US President Joe Biden said Wednesday the nation is 'late in the game” and needs to 'act, and act fast' to combat the growing threat posed by wildfires as western states face an historic heatwave.
'The threat of western wildfires this year is as severe as it's ever been,' Biden warned during a meeting of state governors, private sector leaders and Cabinet officials. 'The truth is we're playing catchup. This is an area that's been under resourced, but that's going to change.'
A White House wildfires meeting, which Biden said will be an annual event, comes as the western US is in the midst of a sweltering heatwave that has sent the normally temperate Pacific Northwest into triple digits in recent days.
Major cities such as Portland, Oregon and Seattle, Washington have been setting heat records one day only to shatter them the next. Portland temperatures reached 116 degrees Fahrenheit (46.7 Celsius) on Monday as the mercury hit 108 degrees Fahrenheit (42.2 Celsius) in Seattle.
The highly unusual heatwave so early in the summer has prompted widespread concern about the gravity of this year's forest fire season with about 36 already tearing through parts of the states of California, Oregon, Colorado and Arizona.
'With climate change is driving the dangerous confluence of extreme heat and prolonged drought, we're seeing wildfires of greater intensity that move with more speed and last well beyond the traditional months of the fire season,' said Biden.

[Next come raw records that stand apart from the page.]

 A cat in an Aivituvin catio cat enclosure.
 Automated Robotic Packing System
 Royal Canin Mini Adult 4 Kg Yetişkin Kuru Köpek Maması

The president launched several federal initiatives to help combat the wildfire threat, including bolstering federal firefighter pay and benefits to ensure no one receives less than $15 an hour, and changing positions from seasonal to full-time to accommodate the increasingly long fire season.
The White House said Biden's infrastructure plan includes nearly $50 billion to bolster the fire response efforts.